Review of Richard Ellmann, The Man and the Masks and Donald Stauffer, The Golden Nightingale.

["Yeats's Mind." Review article on Richard Ellmann, The Man and the Masks and Donald Stauffer, The Golden Nightingale. Yale Review 39.1 (Sept 1949): 165-7.]

 

There was always hope that Yeats’s amiable indiscretion in keeping careful personal records and preserving drafts of poems would redress the shimmering evasiveness of his published autobiographies.  Mr. Ellmann has gained access to some 50,000 pages of unpublished Yeats manuscripts – surely one of the most exciting “releases” of this century.  All students of Yeats will be grateful for the selection of self-revealing documents woven into this inner portrait.  By placing slight emphasis upon the poet’s public life, Mr. Ellmann concentrates upon the intimate shaping forces of family, education, friendships, and love.  He traces the problem of interpreting Yeats’s poetry to a fundamental conflict between emotions and ideas, and analyzes the conflict around a thread of narrative.  He distinguishes two preliminary attempts at synthesis, and finds “Easter 1916” to have been the turning point from which the resolution of final maturity grew.  The myth upon which this resolution rested is described in some detail.

There can be no question that Mr. Ellmann has clarified a number of cruxes in Yeats biography and that he has published materials invaluable for the study of Yeats.  But in spite of his announced intention of representing “as fully as possible the development of Yeats’s mind,” preliminary drafts of poems have been little used, and the account of the earlier poetry leads one to wonder how Yeats won the Nobel Prize when he did.  In fact, this study scarcely approaches that “abyss of himself” which Yeats explored with unflinching courage.

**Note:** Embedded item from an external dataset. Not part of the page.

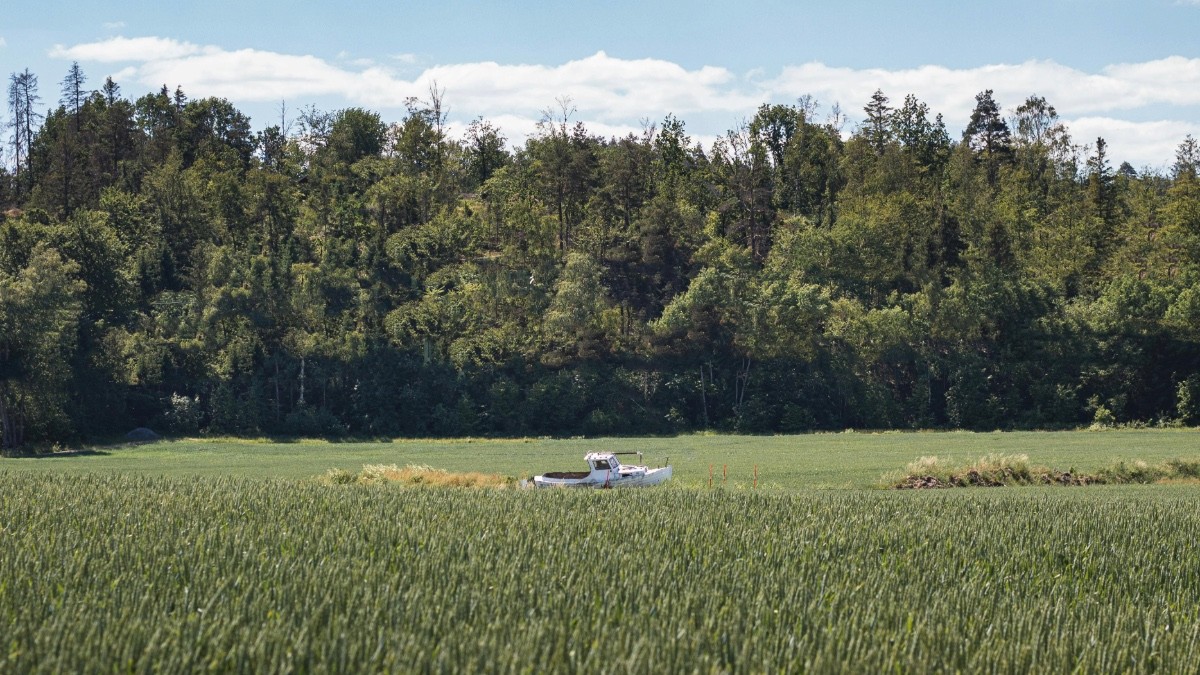 ¡Tragedia aérea! Cae avioneta deja heridos y severos daños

In “The Road to Xanadu: A Study in the Ways of the Imagination” Professor Lowes revealed the alchemy of a creative mind working at its highest pitch to produce two poems.  An equally sensitive account of Yeats’s long struggle out of the Celtic Twilight towards “That dolphin-torn, that gong-tormented sea” of his greatest metaphysical poetry would perhaps show what integration is essential to full imaginative activity, and how far poetic creation plays a part in that integration.  Although Mr. Ellmann seems to have these questions on the fringe of his attention, he never specifically raises them.  Indeed, the rigidity of his psychological presuppositions prevents him from adopting an attitude delicate enough to discover the arcane workings of a poet’s mind.  “We have ceased to regard our poets as creatures apart,” Mr. Ellmann explains; and addresses himself to his task as though there were no mysteries left in all the world.  The uneasy equivocation of his chapter of “Conclusions” shows that the difficulty is not merely terminological, or even literary, but fundamental and metaphysical.

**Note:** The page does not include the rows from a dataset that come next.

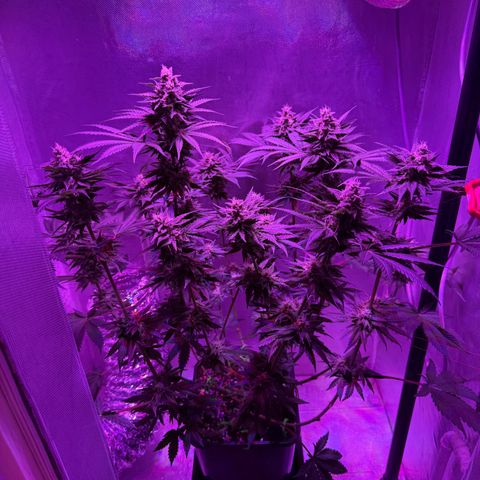 Biscotti growlog timeline photo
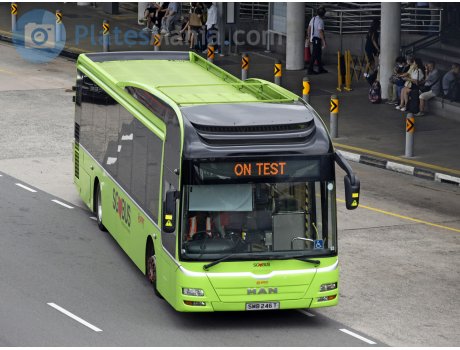 SMB 246 T, Gemilang NL323F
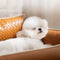 Faux cuero impermeable látex protector de látex sofá cama para perros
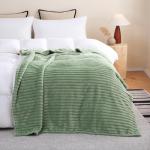 Super Soft Sage Green Fleece Throw Blanket 50”x60”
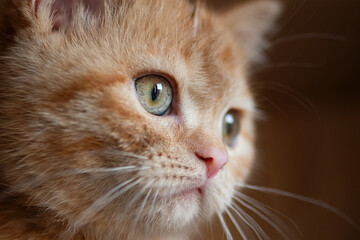 Closeup photography of the cute ginger cat with green eyes.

Yeats, we are invited to consider, was not simply a poet but also a “myth-maker” and a “symbolist.”  At no point does the author inquire directly into these terms.  All questions about reality and our relation to it, he seems tacitly to have assumed, are settled (by science? by “common sense”?): everything else is “supernatural,” fantasy, dream, and undoubtedly rather reprehensible.  Consequently, there is a note of condescension in the accounts of Yeats’s occult activities.  Now whatever our detached view of occultism may be, we are still obliged to ask why Yeats set so much store by it.  To say that he sought petards to hoist “the materialists,” or proofs to convince the incredulous, or even nostrums to heal his own life, is not enough.  For the way of occultism runs though Yeats’s whole poetic life, and culminates in the personal synthesis of “A Vision,” from the firm ground of which he wrote his finest poems. 

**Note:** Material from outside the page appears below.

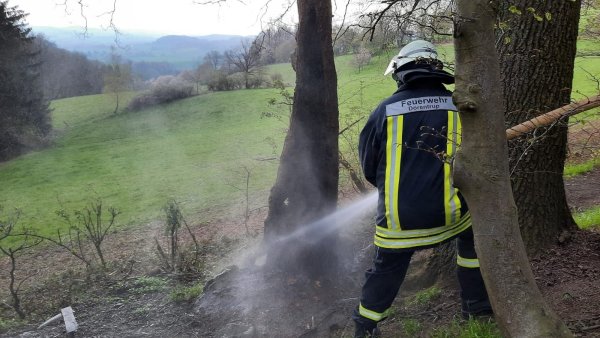 Die Feuerwehr löscht einen brennenden Baum. - © Feuerwehr Dörentrup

But how can a mythology be firm ground?  Can it be that poetry is in the literal sense metaphysical: that poetry can create, not merely a dreamworld or even a world, but the world?  Can it be that the experiential reality of poetry may be more real than the “reality” constructed out of demonstrable “facts”?  The Yeats materials in this study force such questions upon us; and when Yeats, late in life, describes himself as “ravening, raging, and uprooting that he may come/Into the desolation of reality,” we are tempted to believe that he can give us luminous suggestions for answers.

If we understood precisely what metaphors, symbols, and myths are in the dynamic context of poetry it would matter little enough how a biography of Yeats was written.  But the tragedy suffered out in Yeats’s poetic life, and repeated in the work of Joyce, Pound, and Eliot, is the crisis of self-consciousness, of occluded awareness, of dissociated sensibility – a crisis which threatens the existence not only of poetry but of civilization.  Probably one of the sharpest lessons Yeats has to teach us is to be seen in the way he managed not to capitulate to any of the specious formulae with which he so perilously toyed.

Even if Mr. Ellmann has failed to pursue his study to its deepest springs, his book should be read for the light these new Yeats materials throw upon some momentous issues.

Professor Stauffer’s “The Golden Nightingale.  Essays on some Principles of Poetry in the Lyrics of William Butler Yeats” is very different in scope and purpose; and although it does not overlap Mr. Ellmann’s work, provides an admirable critical introduction to it.  Professor Stauffer examines in the light of Yeats’s published work four general problems: the nature of poetic belief, the embodiment of beliefs in a poem, the range of the lyric, and “the good of poetry.”  The three central essays, where the argument is entirely shaped by the coherence of Yeats’s theory and practice, form one of the best accounts of the poetic symbol so far published.  But in the first essay, and to a lesser extent in the fourth, there is a tendency to synonymize terms which in critical theory require more and more clearly to be distinguished – belief and make-believe, feeling and emotion, truth and reality.  Fortunately Professor Stauffer manages to hold the metaphysical issues in suspension by asserting the principle of “Negative Capability,” and a serious threat to the best part of his book is averted.  These essays supply a valuable and stimulating introduction to Yeats’s poetry; and by their insistence upon the complexity of poetic experience and expression should help to direct criticism away from theories too exclusive and "scientific."